Native culture is a subtle culture. You may not think so from the outside, but we- inside- know the truth. Those lucky enough to speak, or know something of, their native language know that every word has two, and sometime three or four meanings. You can call someone a “big bear” with the exact same words you use to call them “Small and shrivelled.”1
So, I break a rule here by being at once forward and open as well as simple and direct. There is no subtlety in what I say. Which is strange for me– even walking the razor’s edge that I do.
This crazy chic “friended” me on Facebook, and I had to figure out what the story was. I didn’t think I’d ever build a relationship with her, so I pressed the “ignore button.”
Problem solved, right?
Well, not quite.
Recently– today, as a matter of fact– this superwoman (again, we’ll call her “Kateri”) decided that she’d had enough. She turned in her notice. She quit.
To say that I was happy is an understatement.
You see, there’s this thing called survivor guilt, and whether I’m actually suffering from it or not, I like to think about it because it makes me feel better about the time I spent in hell.
… or at least in heck.
She gave notice, and I freaked out. This person who was always there for me is finally escaping darkness. I’m happy, her friends are happy, her family’s happing. So there’s a bit of a Facebook Frenzy.
She comments, her friends comment, I comment (as someone who has… you know… “been on the inside” and shit.) and this chic Rebecca comments. This chic who tried to friend me.
This chic who I ignored because I don’t know her, and may not ever really get to know her.
Honestly, I didn’t think anything of it. Ignored. Problem solved.
But then, Kateri writes to me and says something like “Just so you know, Rebecca may be doing a protective thing with her brother- she may be trying to keep tabs on any male friends I have on Facebook.”
I can only assume that was a warning that I may be in danger of getting the shit kicked out of me. I imagine that I’m supposed to be worried.
Yet immediately, I thought “Hey, I suddenly like this Rebecca chic. I should friend her.”
I know- there are boundary issues, privacy issues, whose-fucking-business-is-it-of-yours issues. Whatever. But here’s the thing. My little sister would kick the shit out of anyone who’d fuck with me.
At least she’d try, and that’s really all that matters, right?

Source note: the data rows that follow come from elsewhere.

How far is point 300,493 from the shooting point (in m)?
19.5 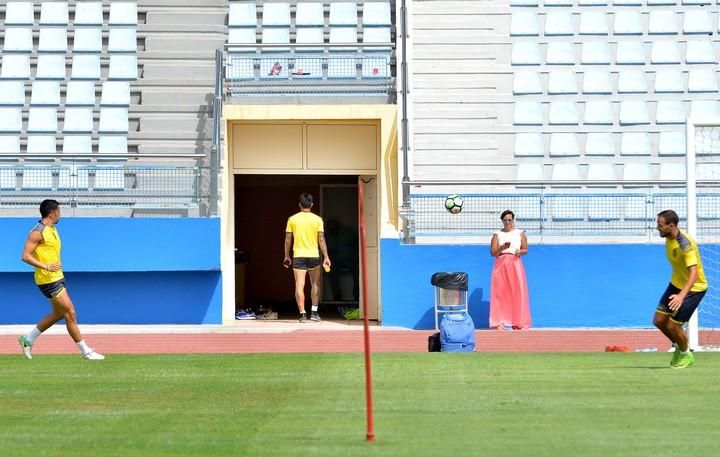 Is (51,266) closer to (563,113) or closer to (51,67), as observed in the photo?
(51,67)

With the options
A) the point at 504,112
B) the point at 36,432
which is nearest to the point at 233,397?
the point at 36,432

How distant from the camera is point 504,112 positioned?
75.3 ft

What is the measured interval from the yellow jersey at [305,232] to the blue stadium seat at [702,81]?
26.9 ft

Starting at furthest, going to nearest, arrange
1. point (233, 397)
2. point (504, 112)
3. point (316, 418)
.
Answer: point (504, 112) → point (233, 397) → point (316, 418)

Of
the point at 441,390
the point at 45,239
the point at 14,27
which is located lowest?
the point at 441,390

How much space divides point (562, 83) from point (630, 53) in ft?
5.29

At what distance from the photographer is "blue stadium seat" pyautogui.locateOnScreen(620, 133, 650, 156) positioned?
22.5 metres

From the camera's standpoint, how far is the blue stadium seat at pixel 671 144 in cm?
2264

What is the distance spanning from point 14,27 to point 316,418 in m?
17.3

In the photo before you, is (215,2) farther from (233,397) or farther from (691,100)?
(233,397)

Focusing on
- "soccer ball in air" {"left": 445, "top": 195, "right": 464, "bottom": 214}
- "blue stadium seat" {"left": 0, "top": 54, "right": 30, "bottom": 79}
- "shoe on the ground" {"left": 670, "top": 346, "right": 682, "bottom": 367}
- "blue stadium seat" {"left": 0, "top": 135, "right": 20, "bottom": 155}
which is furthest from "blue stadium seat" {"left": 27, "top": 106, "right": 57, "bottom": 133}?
"shoe on the ground" {"left": 670, "top": 346, "right": 682, "bottom": 367}

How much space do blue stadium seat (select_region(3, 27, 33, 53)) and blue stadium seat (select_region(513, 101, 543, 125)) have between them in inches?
370

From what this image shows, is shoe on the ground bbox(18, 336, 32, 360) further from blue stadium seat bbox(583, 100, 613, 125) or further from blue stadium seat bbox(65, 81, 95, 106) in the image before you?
blue stadium seat bbox(583, 100, 613, 125)

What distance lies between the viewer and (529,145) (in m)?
22.5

That’s family. I love her for it.
And it looks like Rebecca might want to kick the shit out of me… that is in the unlikely event that I’m trying to fuck with her brother.2 She’d try to kick some ass the same as my sister would.
That’s cool.
Whatever you think about Facebook, and about friending, and about boundaries- this is family. It’s family, and Facebook, and knowing who to friend.
The thing is, Kateri is like a sister to me. She’s no-one I’d screw around with– mostly because she’s not my type… not being Jessica, and all… but also because there are people who you think of as “cousin,” (that’s as close as “brother” or “sister,” by the way.)) Some people are “Family” and some people aren’t. Kateri is, at least in some small way, my cousin. She helped me when I was in a bad spot, and I want to help her.
That makes anyone who cares about her, especially “members of her husband’s family who may only be interested in me because they want to preserve her family’s integrity by kicking the shit out of someone they don’t know enough about,” special.
So…
This is a very long-winded way of saying something like:
Rebecca, I thought you wanted to friend me because it was Facebook, and it’s easy, and it’s meaningless, so I ignored your request. But now there’s the possibility that you wanted to friend me because it’s family, and it’s meaningful, and you care- and may just want to kick my ass. I respect you for that. I ignored you before, but I’ve just requested that you friend me because, without subtlety or second meanings I want to say this: I love Kateri- just as you love her. She is my cousin, as you are my cousin. May our family be strong. May it be strong, and honest.And may you kick the shit out of me if I step out of line!
You’re a good sister. Thank you for being such.
Sometimes Facebook bugs me…
sometimes, it makes me feel pretty darn good.